* **About this task**: Exclude all pictures, and reproduce exactly the lines from the one containing "Hi folks, it's" through the end of the records, with nothing else added.

Saved data entries
*-*-*

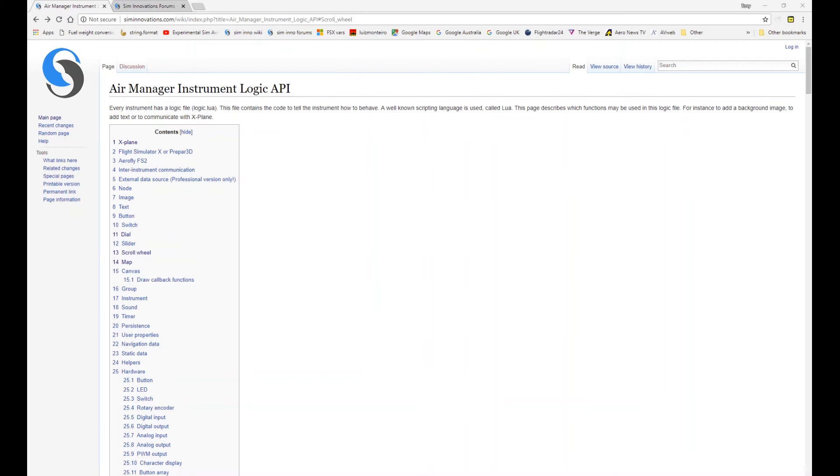Hi, welcome to the AirManager API tutorial video series. In this video we're going to be looking at map.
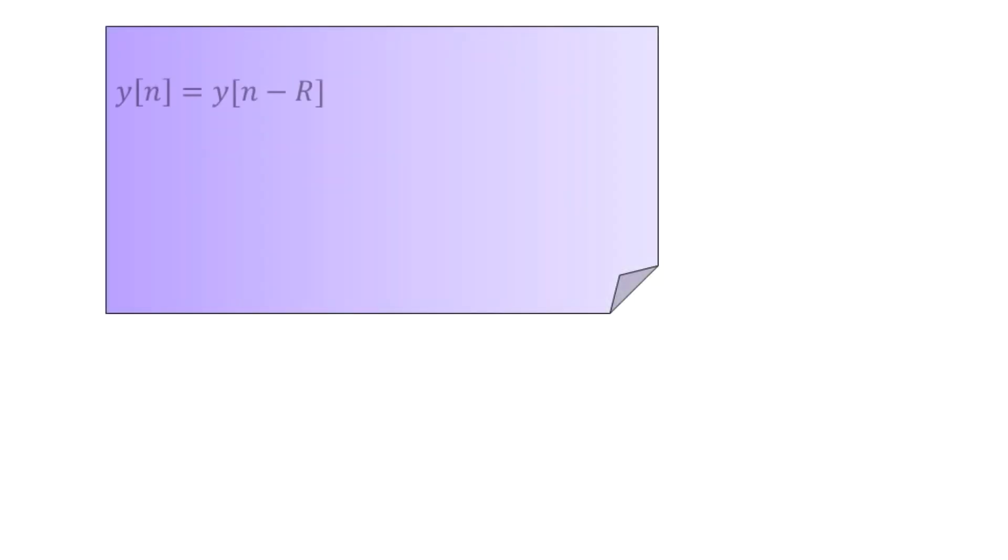As far as the mathematics is concerned, the generated periodic note can be denoted by y[n] equals y[n minus capital R]. Capital R, we have already seen that one. Capital R here is called the wavetable length and is basically a time period.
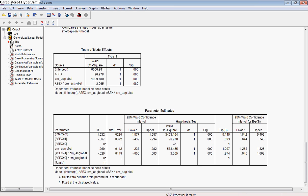Then we have the Wald chi-square for this particular parameter, gender, and the degree of freedom. And this would indicate that our p-value is below .001. So that's a good sign that gender is contributing to the model uniquely.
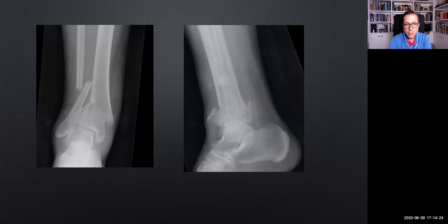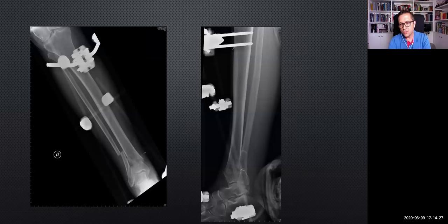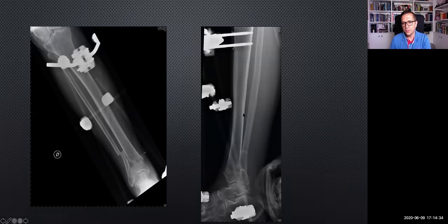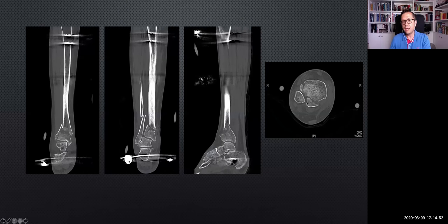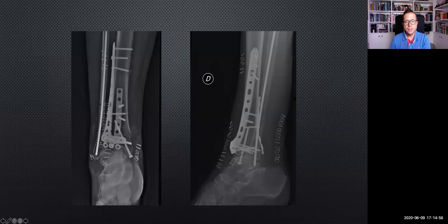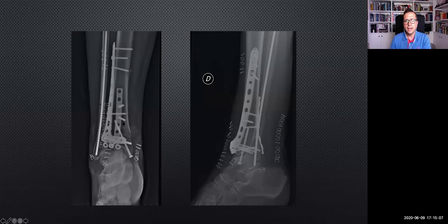Another high-energy comminuted type C fracture — we followed the staged procedure. The pins in the tibia are placed far away from the definitive location of the tibial plate. Also, a pin in the calcaneus and a pin in the first metatarsal bone. CT scan after ex-fix to see the fracture pattern and plan the definitive fixation. The final result shows a type C fibula with intramedullary fixation — anterolateral plate, posterior plate, and one screw — with a good result.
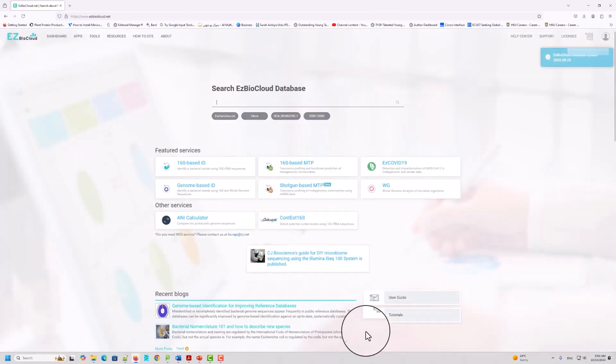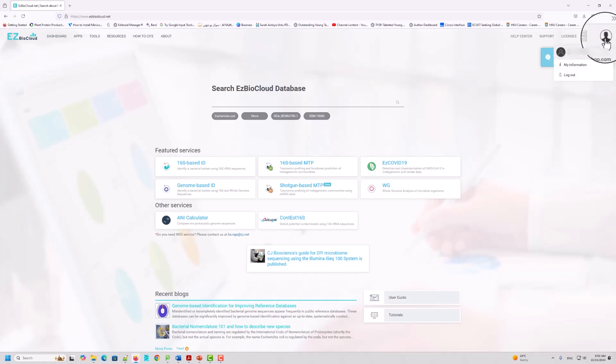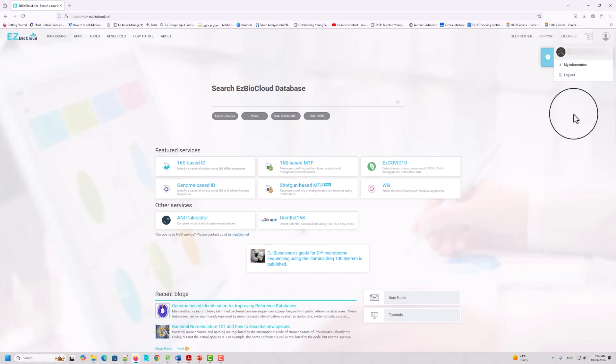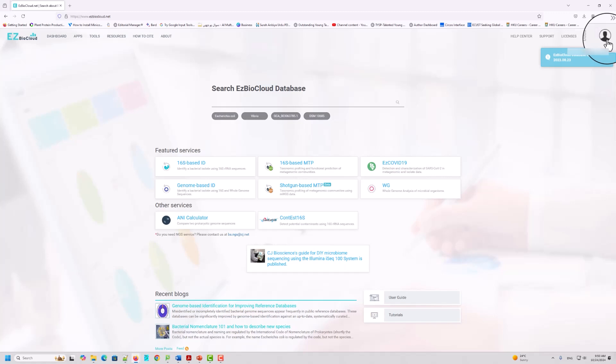When you click the database, if you are using it for the first time, you should come here and log in with your own account. You should create an account — account creation is free. When you create an account, all your data will be saved here automatically.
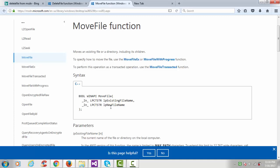And here we have to specify our new file name. So both are input parameters and the data type is long pointer to constant string.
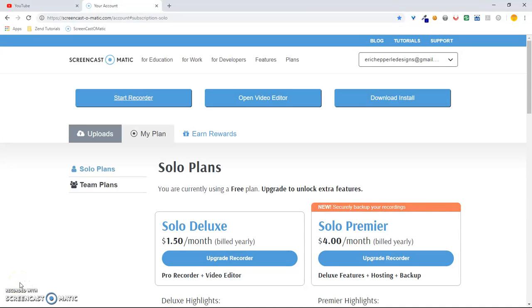Hi folks, it's Eric back with another Eric Hepperle Designs video tutorial. Today we're talking about WordPress administration. We're going to show you exactly how to download and install WordPress from WordPress.org.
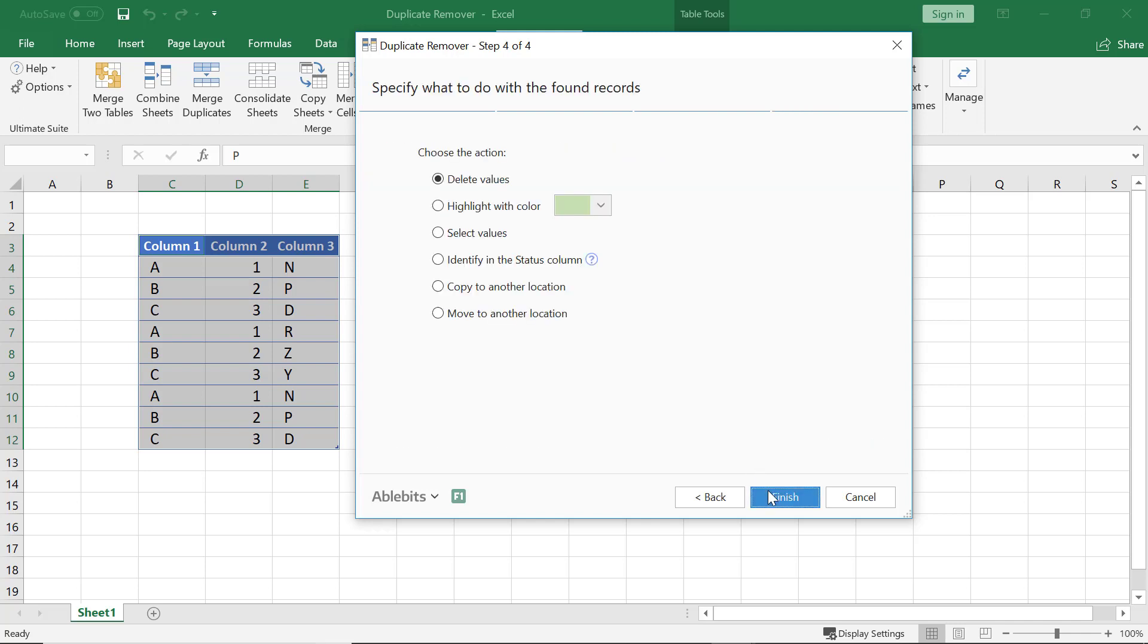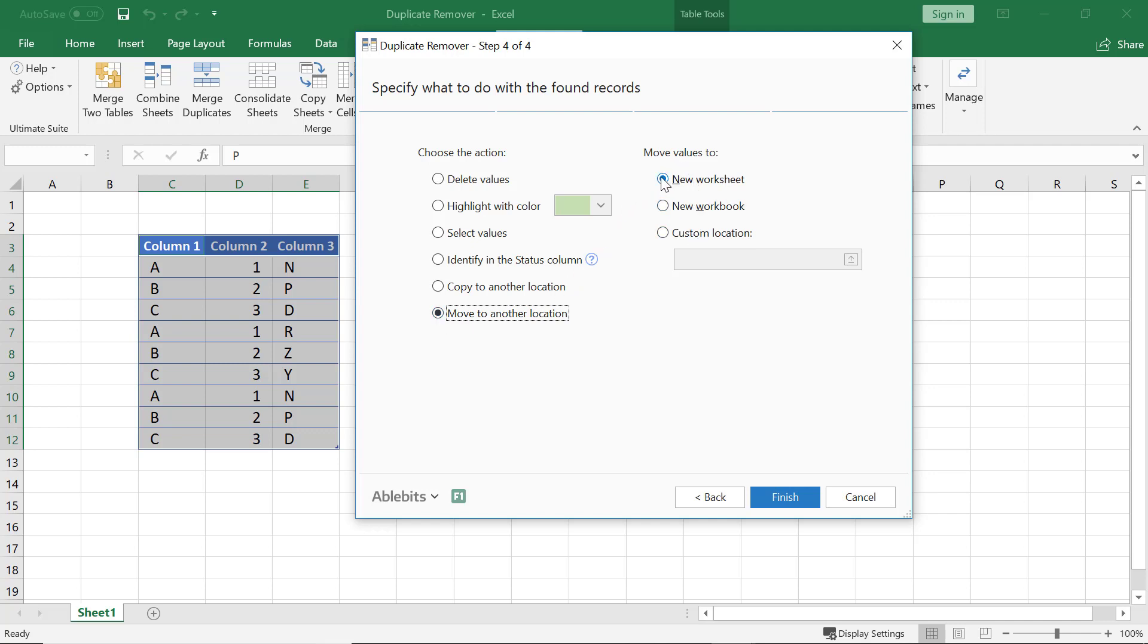On the fourth step, I tick the Move to another location option. The tool immediately offers me to choose where I want to move dupes and I select a new worksheet.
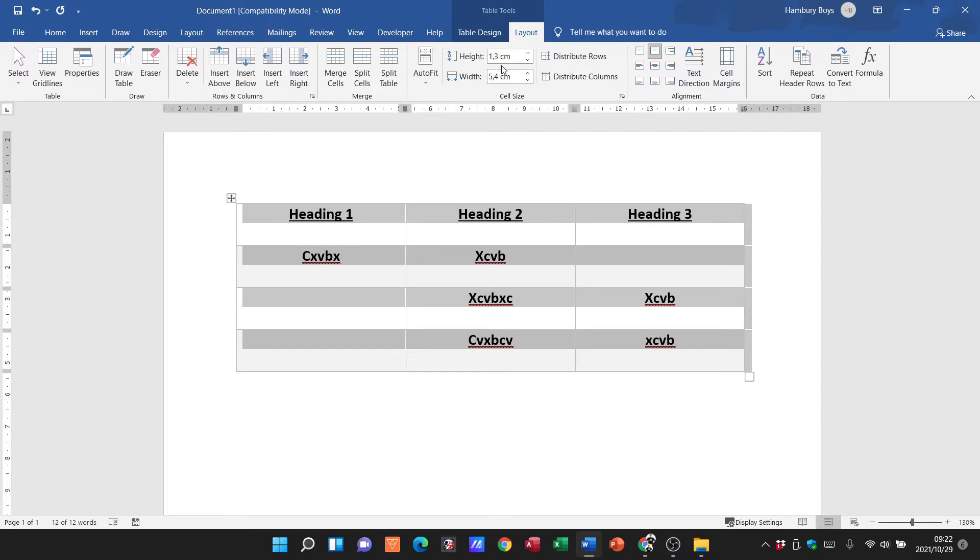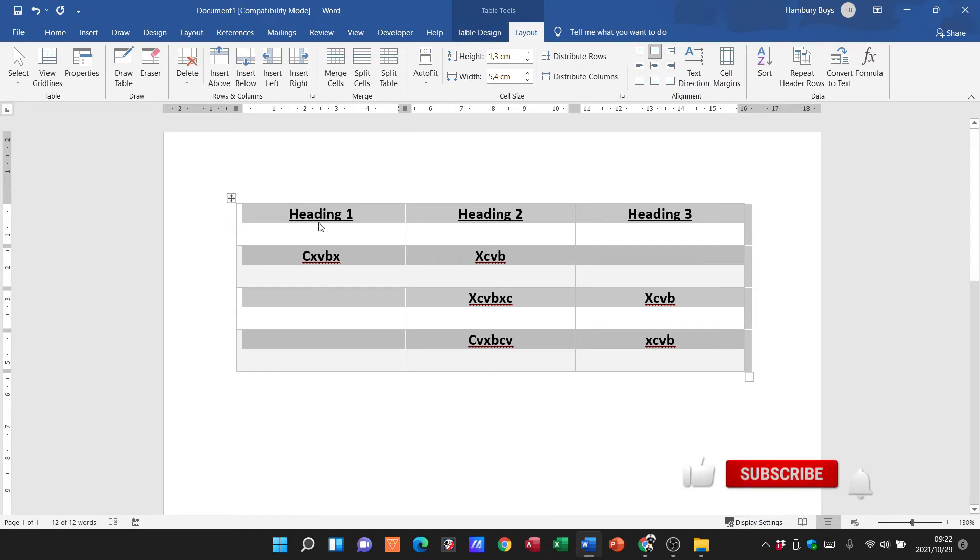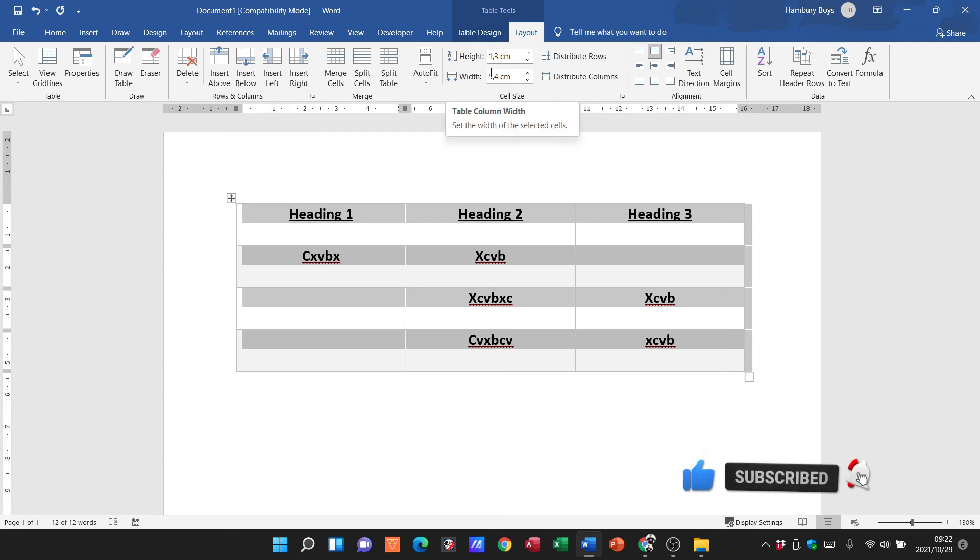You will adjust this as the question paper asks you or as the instructions are found in the question paper. So remember, highlight our table, table tools, layout, adjust it over here. Please just make sure that it is in centimeters and then you should be fine.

*-*-*

* **Solution**:
Hi folks, it's Eric back with another Eric Hepperle Designs video tutorial. Today we're talking about WordPress administration. We're going to show you exactly how to download and install WordPress from WordPress.org.
On the fourth step, I tick the Move to another location option. The tool immediately offers me to choose where I want to move dupes and I select a new worksheet.
You will adjust this as the question paper asks you or as the instructions are found in the question paper. So remember, highlight our table, table tools, layout, adjust it over here. Please just make sure that it is in centimeters and then you should be fine.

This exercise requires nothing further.